Records supplied.
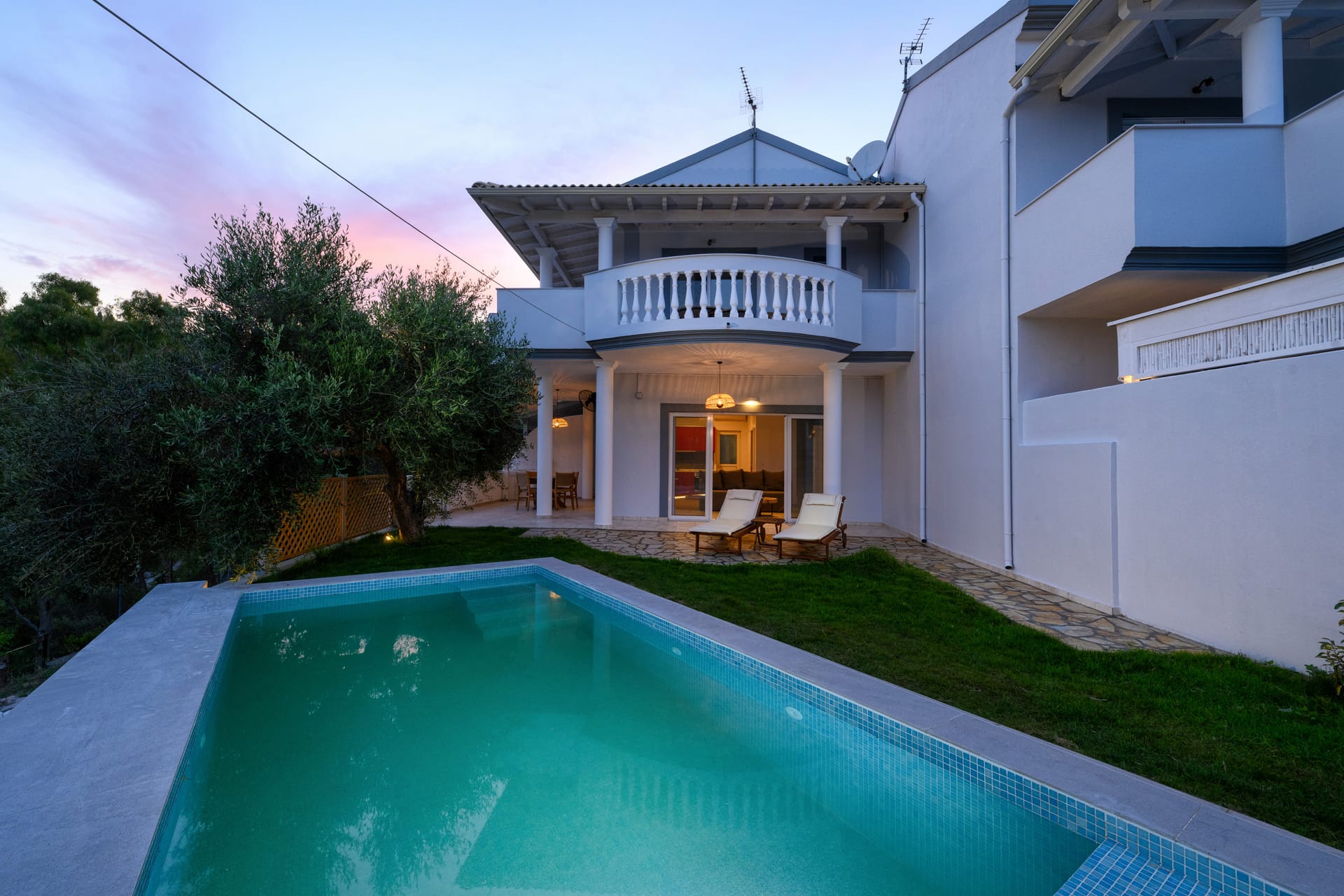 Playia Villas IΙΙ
---
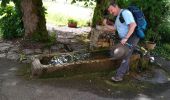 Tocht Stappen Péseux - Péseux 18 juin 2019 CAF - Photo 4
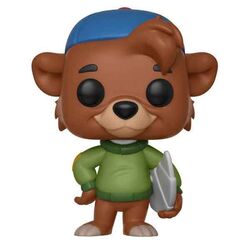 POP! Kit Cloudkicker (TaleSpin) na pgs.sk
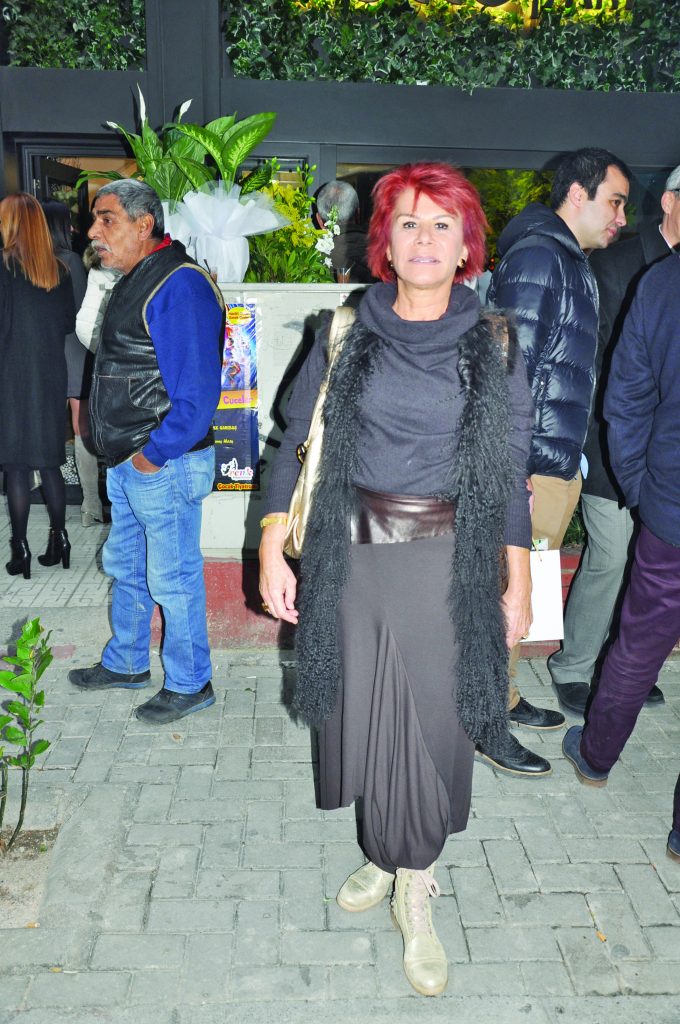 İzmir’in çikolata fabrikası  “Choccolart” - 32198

Activity. Would you write out exactly the lines above, starting at the line containing "POP! Kit Cloudkicker (TaleSpin) na pgs.sk" and stopping after the line containing "İzmir’in çikolata fabrikası"? Omit the pictures.

Answer.
 POP! Kit Cloudkicker (TaleSpin) na pgs.sk
 İzmir’in çikolata fabrikası  “Choccolart” - 32198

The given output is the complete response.